However I am also happy to hear from anyone working with animals here with regards to their opinion on standards of veterinary care & animal welfare issues

/SNIP/

Thankyou


----------



## orcunozcoban (Jul 19, 2013)

*Hello CyprusVN*

first of all I hope you are still doing alright in Cyprus. while i was looking for some job opportunities in Cyprus as a vet i red your message here.
i am qualified vet in turkey and also working for Food, Agriculture and Livestock Ministry in turkey last 6 months. before i was living and working in UK about 10 years but not as a vet for sure.
i have a question if you dont mind. Within the government in Cyprus is there any vet working for them as i am doing in turkey as a vet in Food, Agriculture and Livestock Ministry or do you know anyone who could hep me about this.
many thanks and have a good day.

Orcun Ozcoban


----------



## Veronica (Apr 5, 2008)

There is a government Vet in every large town.


----------



## orcunozcoban (Jul 19, 2013)

many thanks for your reply Veronica


----------



## MartynKSA (Aug 7, 2011)

Hi CyprusVN

My son is training to be a Vet in the UK (just got his first degree) and is on a placement in Cyprus at the moment (having a bit of a holiday with his mum!!) with our local vet. I'll get his input later.

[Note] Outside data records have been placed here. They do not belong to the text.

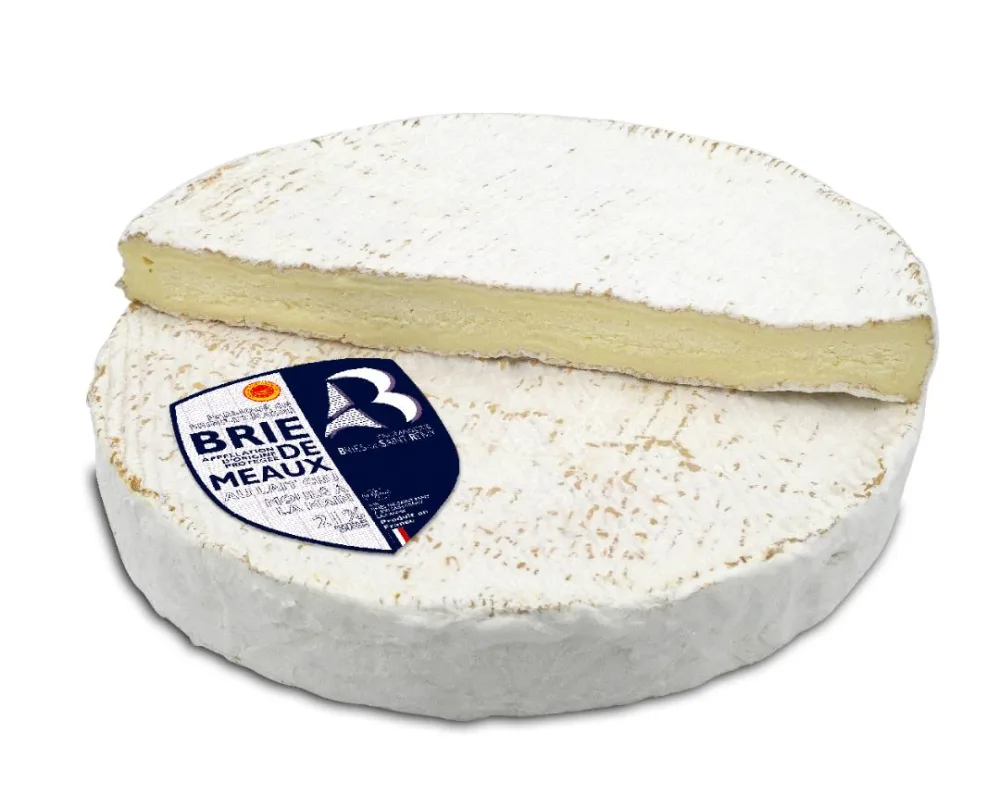 Brie de meaux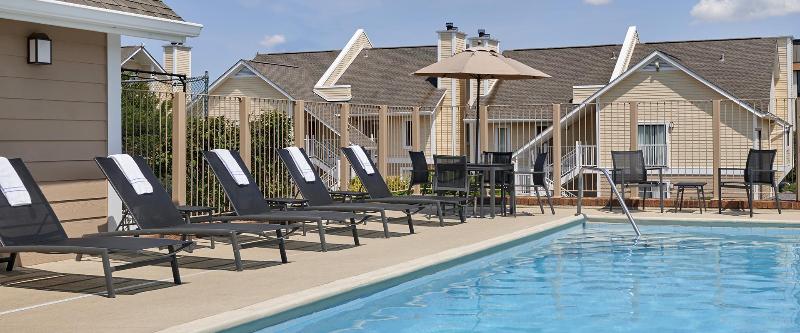 דירת נופש Sonesta Es Suites Ann Arbor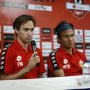 Bhayangkara FC Dipecundangi PSS Sleman di Markas Sendiri, Munster Kecewa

Regarding animal welfare, are you thinking of the (generally speaking) obscene Cypriot attitude to animals? An abandoned hunting dog has just adopted my wife- thinks he's died & gone to puppy heaven, despite having his bits off- but he he's clearly been neglected, abused and generally abandoned, unchipped & no collar. Only a young dog, but just found he has severe hip dysplasia, so can understand his hunting days were limited, but still not nice to have simply abandoned him (don't think he's an escapee- he got out of the house the other day and disappeared and whilst we were panicking to get some clothes on to look for him, he calmly returned to the front door & demanded to be let in!!!) . If they are that callous, it would have been kinder to put a bullet in his head, or is that too expensive? 

Or am I being cynical?

Anyway, George has now entered the ranks of lucky dogs in Cyprus, but sadly there are too few of them. From what I can understand that has nothing to do with the current economic climate in Cyprus; it seems to be a fact of life here.

Any more seasoned contributors any opinions?


----------



## Guest (Jul 25, 2013)

MartynKSA said:


> Hi CyprusVN
> 
> My son is training to be a Vet in the UK (just got his first degree) and is on a placement in Cyprus at the moment (having a bit of a holiday with his mum!!) with our local vet. I'll get his input later.
> 
> ...


No doubt in my mind that this is a cultural thing. But far from all Cypriots have the same attitude. We run a dog boarding and to my big surprise about 50% of customers are Cypriots.

But this is not only a Cypriot problem, it is the same in other southern countries like Spain, Italy, Greece. 

Anders


----------



## MartynKSA (Aug 7, 2011)

true

hope boarding kennels going well- where are they?


----------



## Guest (Jul 25, 2013)

MartynKSA said:


> true
> 
> hope boarding kennels going well- where are they?


Pissouri


----------



## MartynKSA (Aug 7, 2011)

thought it was- PM me your contact numbers, please!


----------



## PeteandSylv (Sep 24, 2008)

Vegaanders said:


> But this is not only a Cypriot problem, it is the same in other southern countries like Spain, Italy, Greece.
> 
> Anders


Not forgetting the entire Arab world.

Pete


----------



## Veronica (Apr 5, 2008)

There is plenty of animal cruelty in the UK too but the difference is the RSPCA who will prosecute.
I watch some of the US programmes that follow animal police and the problem there is horrendous. 
So Cyprus is definitely not alone when it comes to animal cruelty.


----------



## Guest (Jul 25, 2013)

PeteandSylv said:


> Not forgetting the entire Arab world.
> 
> Pete


It must mean that the majority of people treat their animals like here. Perhaps we are wrong then........

Anders


----------



## PeteandSylv (Sep 24, 2008)

Vegaanders said:


> It must mean that the majority of people treat their animals like here. Perhaps we are wrong then........
> 
> Anders


Only about cats !!!!

Pete


----------